Task details: Only the lines below between the one holding "RC531 รีโมทคอนโทรลไร้สายแบบพกพ - Home" and the one holding "Second Use Website", inclusive, are to be reproduced word for word; the pictures are to be left out.

Given data:
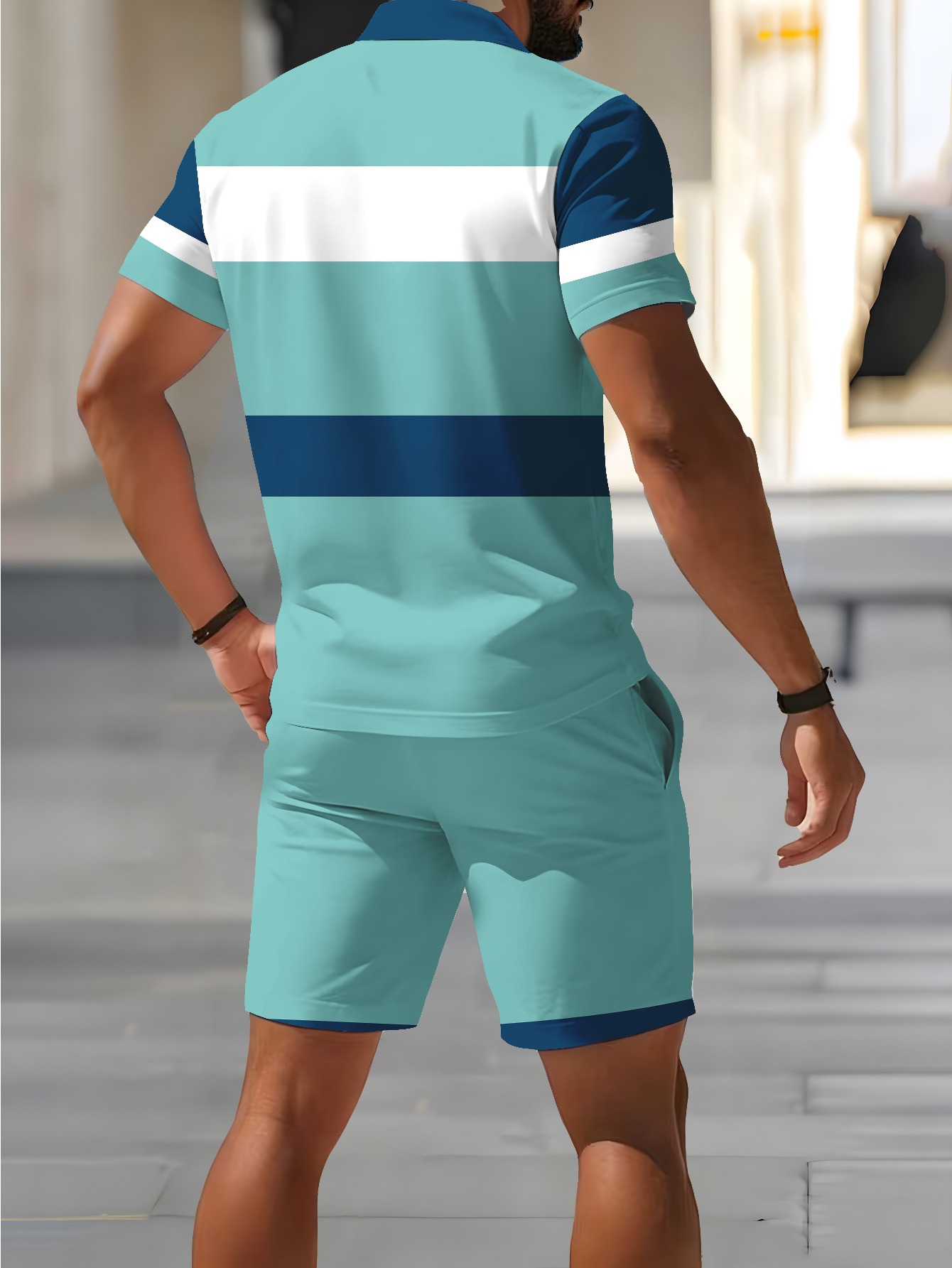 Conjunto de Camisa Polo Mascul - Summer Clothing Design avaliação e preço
...
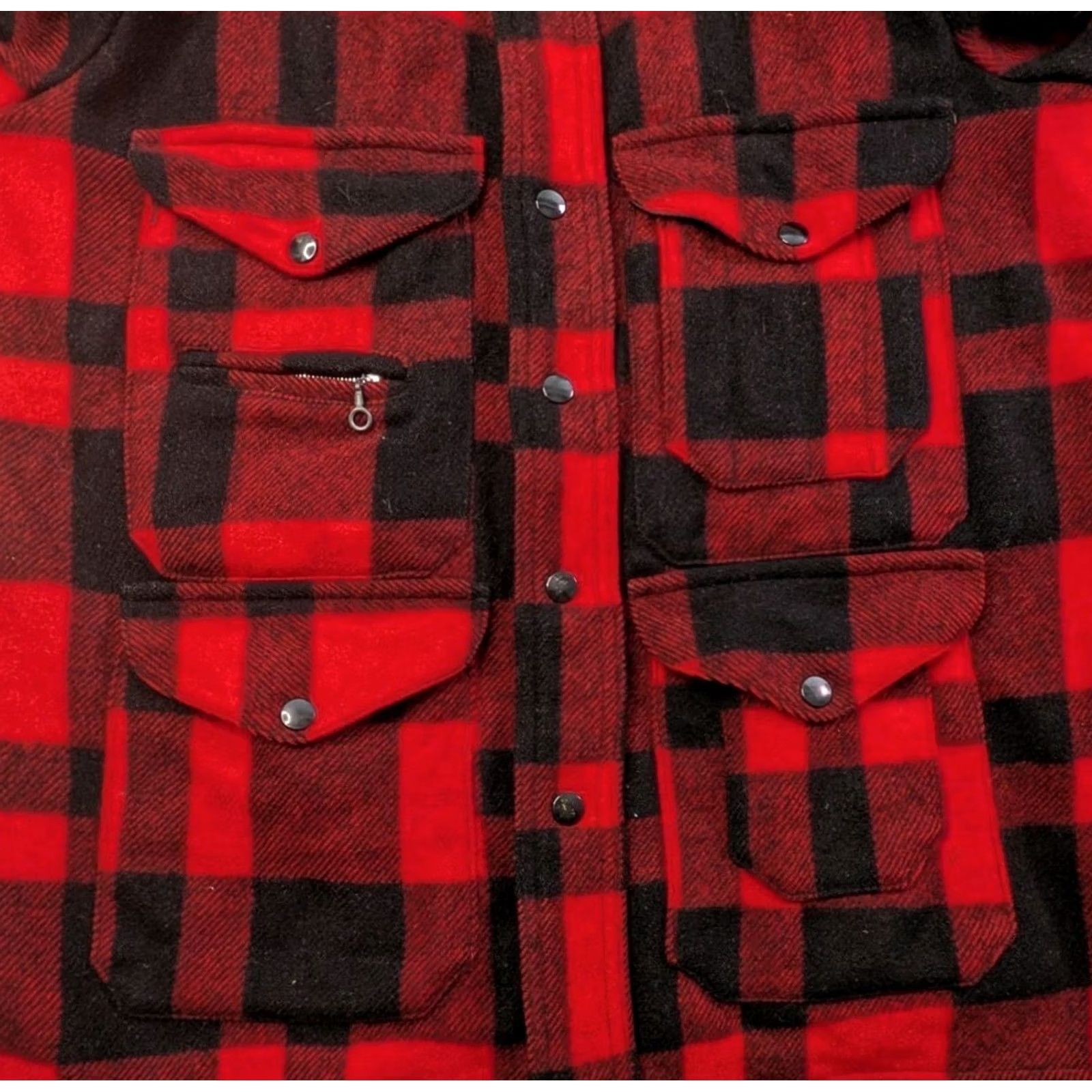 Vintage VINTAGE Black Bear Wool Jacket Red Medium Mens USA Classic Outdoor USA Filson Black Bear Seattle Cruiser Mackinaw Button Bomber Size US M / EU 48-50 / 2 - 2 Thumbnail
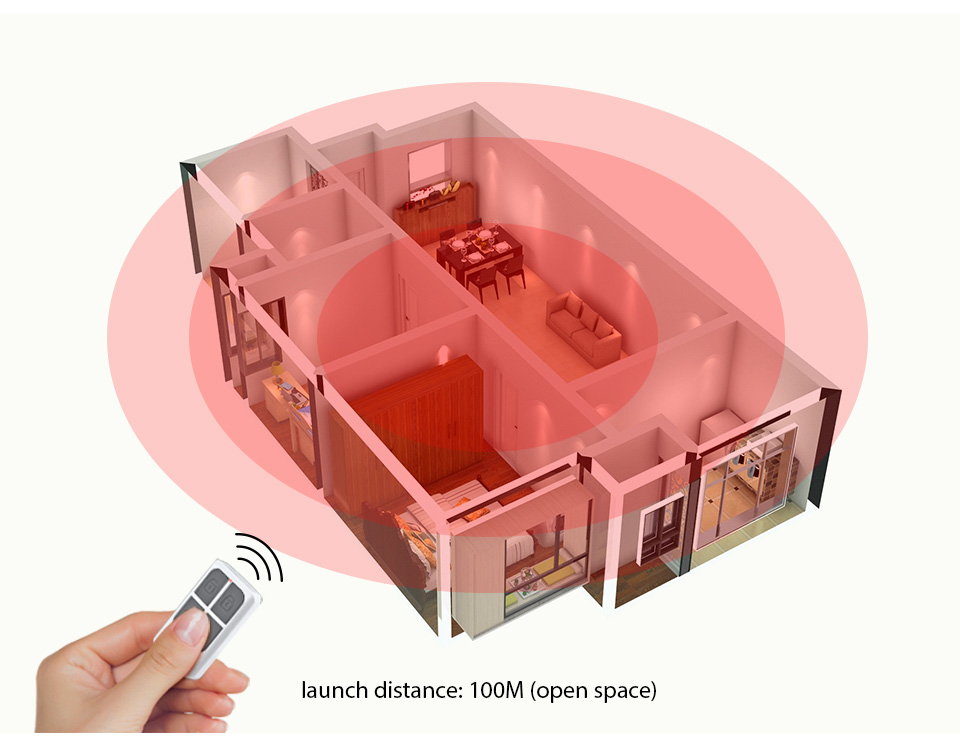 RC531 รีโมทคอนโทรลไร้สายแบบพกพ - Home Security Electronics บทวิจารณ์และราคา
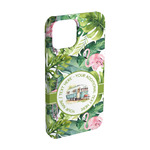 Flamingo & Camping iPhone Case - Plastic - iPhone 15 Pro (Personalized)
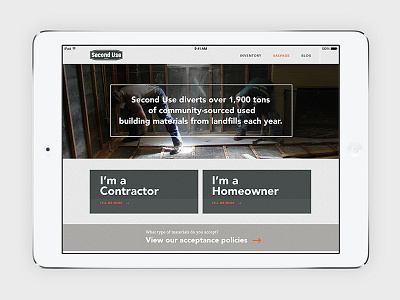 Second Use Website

Answer to this problem:
 RC531 รีโมทคอนโทรลไร้สายแบบพกพ - Home Security Electronics บทวิจารณ์และราคา
 Flamingo & Camping iPhone Case - Plastic - iPhone 15 Pro (Personalized)
 Second Use Website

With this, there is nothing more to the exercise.